Fox weighed in on the information battlefield. It’s not just on the kinetic battlefield where wars are fought, he said, but in the media, and over the past 11 months, the statistics are staggering.
“The media have platformed Hamas. I’ve seen a study that looks at five key media platforms including Sky News, CNN, and the BBC. One hundred percent of the time, they cited Hamas’s fatality statistics. Seventy-five percent of the time, they mentioned that they were from Hamas but not always, and 4% of the time they cited IDF statistics. That’s the scale of the imbalance. I’m trying to tell the truth as I see it, and I have a better idea because I’ve been to Israel multiple times, I’ve been on the ground in Rafah, I’ve spoken to the IDF at every level,” said Fox. “I know it to be true; I’ve seen it with my own eyes.”
This past Sunday, 8 September, The Telegraph published a damning exposé showing the BBC’s bias and violation of its own impartiality clause.
In Fox’s opinion, three things need to be understood in order to have a better understanding of this war and Israel’s response: 7 October, the taking of hostages, and the tunnels.
One area where the IDF could improve is in running its information campaign in parallel with its military campaign. This is a lesson for all Western militaries.

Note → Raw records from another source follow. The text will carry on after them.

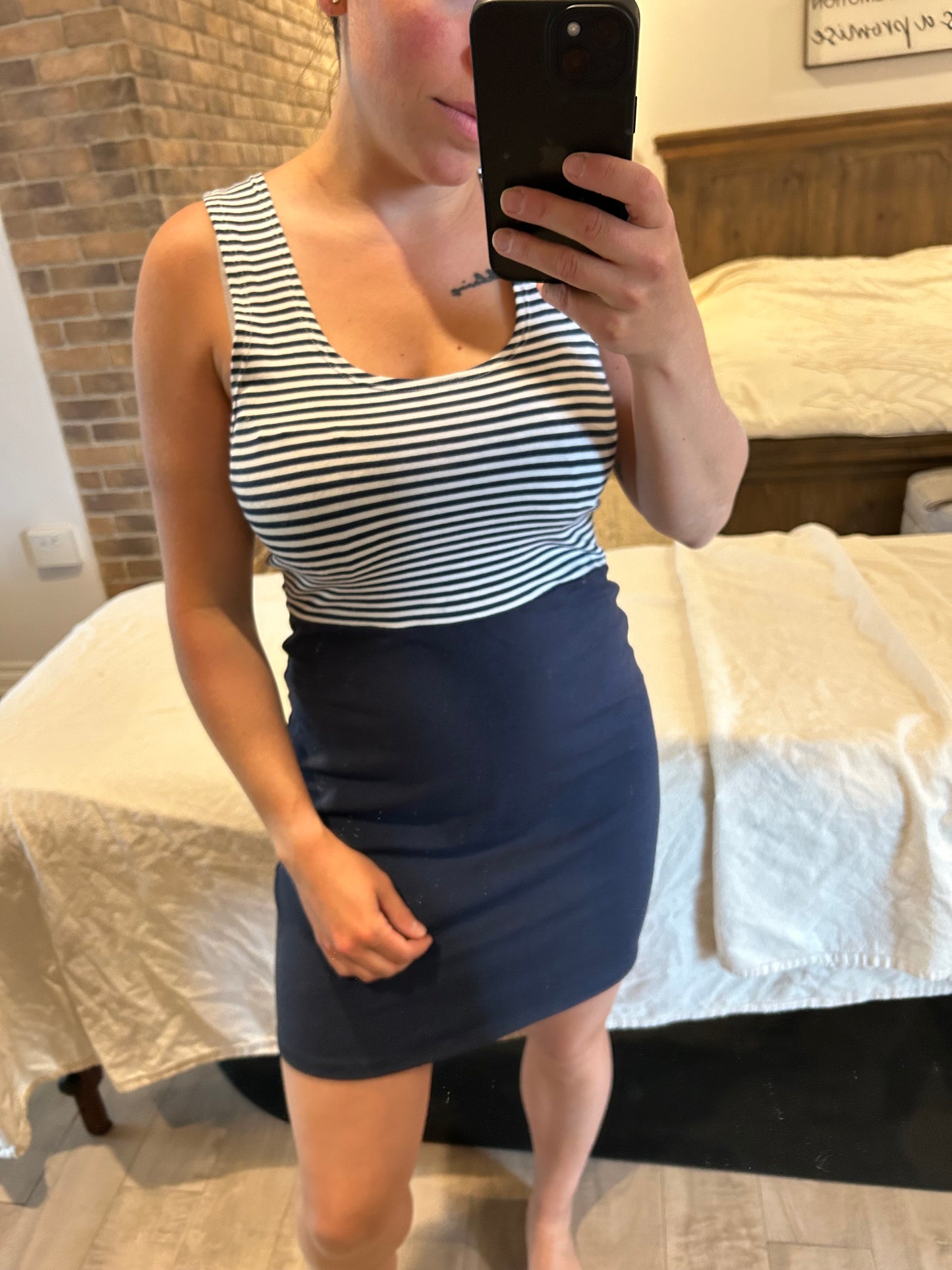 robe marine et lignée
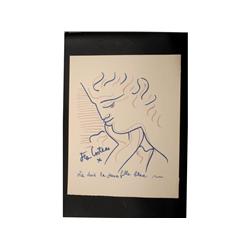 Jean Cocteau ( 1889-1963): Je suis une juene fille blue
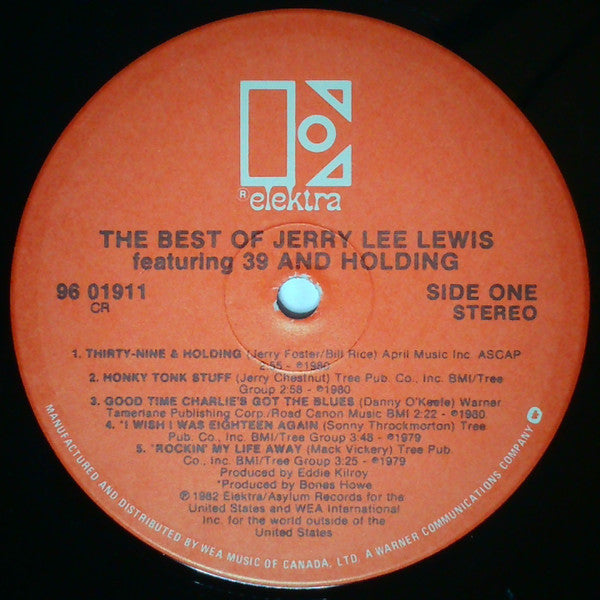 Jerry Lee Lewis : The Best Of Jerry Lee Lewis Featuring 39 And Holding (LP, Comp)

There are many other lessons that militaries can learn from Operation Swords of Iron and the IDF’s conduct. Fox believes this war will be studied hard and other militaries can learn from the IDF about urban manoeuvrability. Militaries will have to look at urban warfare above and below ground at the same time, how to integrate air power, how to integrate drones, co-ordination, and other elements that have never been done before. “The Israelis have had to learn it on the job,” he said. “The IDF can clear the tunnels out much more rapidly now than in the beginning.”